Furthermore, we examined the effect of substituting DLViM with the scanning strategy from LocalMamba. Although this modification did not significantly alter the number of model parameters, it led to a performance drop. This suggests that the proposed depth-first scan mechanism contributes to the model’s ability to understand structural information, reinforcing its role in maintaining global coherence in the learned representation.
5. Discussion and Conclusions
This work presents Mono-ViM, a novel self-supervised monocular depth estimation framework tailored for endoscopic imaging. The proposed architecture employs a hybrid design that seamlessly combines CNNs with Mamba to enhance global contextual understanding and refine semantic detail perception. Experiments on the SimCol and C3VD dataset both confirm that Mono-ViM comprehensively outperforms all state-of-the-art methods. In a self-supervised setting on the SimCol dataset, the proposed framework reduces errors by up to 16.7% in AbsRel, 14.8% in SqRel, 6.6% in RMSE, and 12.4% in RMSElog over current models. These results demonstrate the strength of incorporation of the DLViM module for capturing local–global feature dependencies and the CQL mechanism for improved fine-grained depth reconstruction. Furthermore, evaluations on the KITTI dataset confirm that the proposed framework maintains robust performance and exhibits strong generalization capability across varying environments.
The proposed Mono-ViM framework still presents several limitations. First, in endoscopic scenes, the presence of digestive fluids can produce strong specular reflections that disrupt the photometric consistency assumed in self-supervised learning. This will lead to local depth discontinuities. To address this, future work will incorporate reflection-aware photometric loss to enhance robustness under reflective conditions.

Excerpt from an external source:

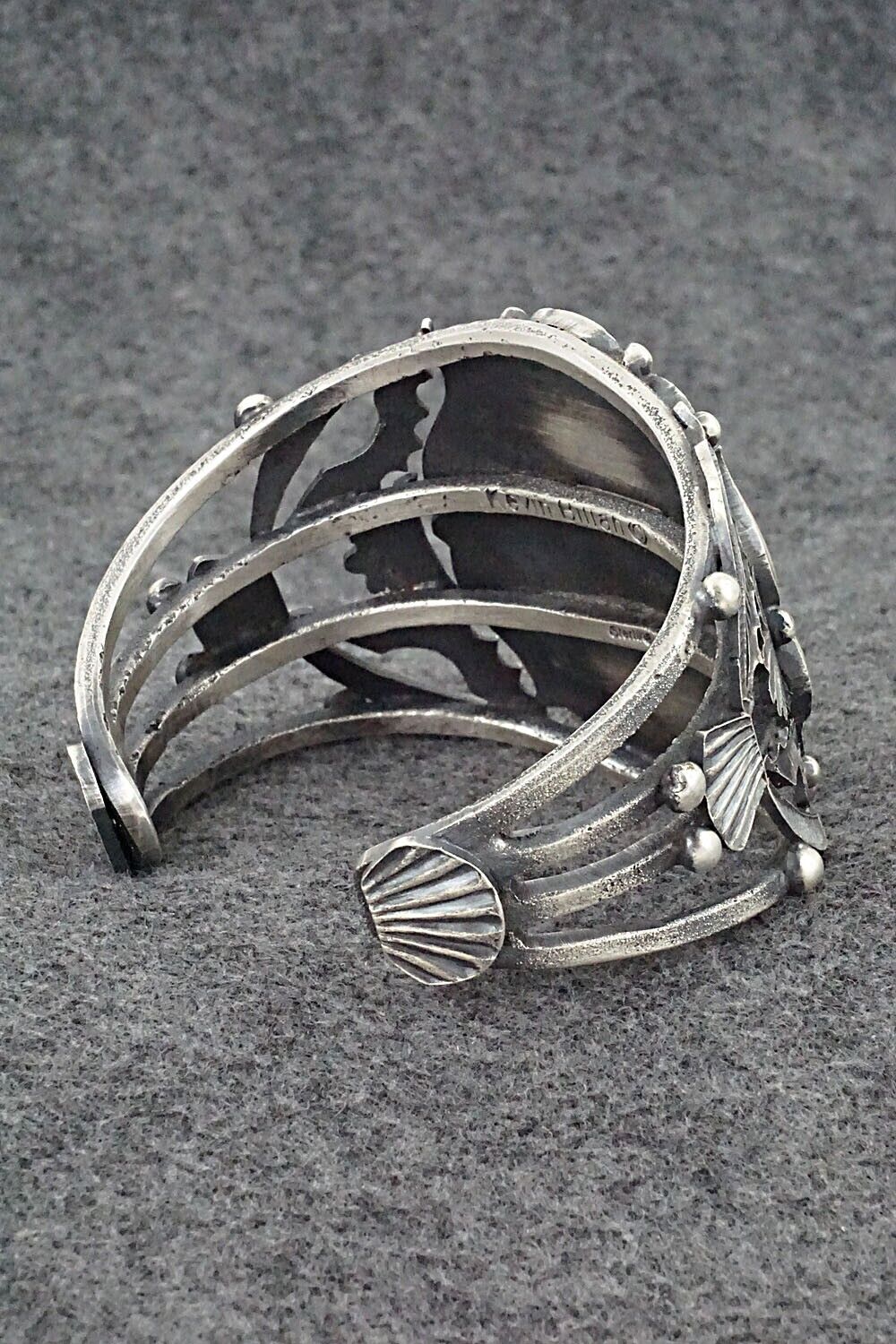 Turquoise & Sterling Silver Bracelet - Kevin Billah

Second, the proposed Mono-ViM assumes structural continuity between adjacent frames. However, periodic peristaltic motion introduces non-rigid deformation of tissues, which violates this assumption and affects depth stability. To mitigate this issue, optical-flow consistency constraints or temporal feature aggregation mechanisms can be adopted to explicitly model periodic deformation and reduce transient estimation errors.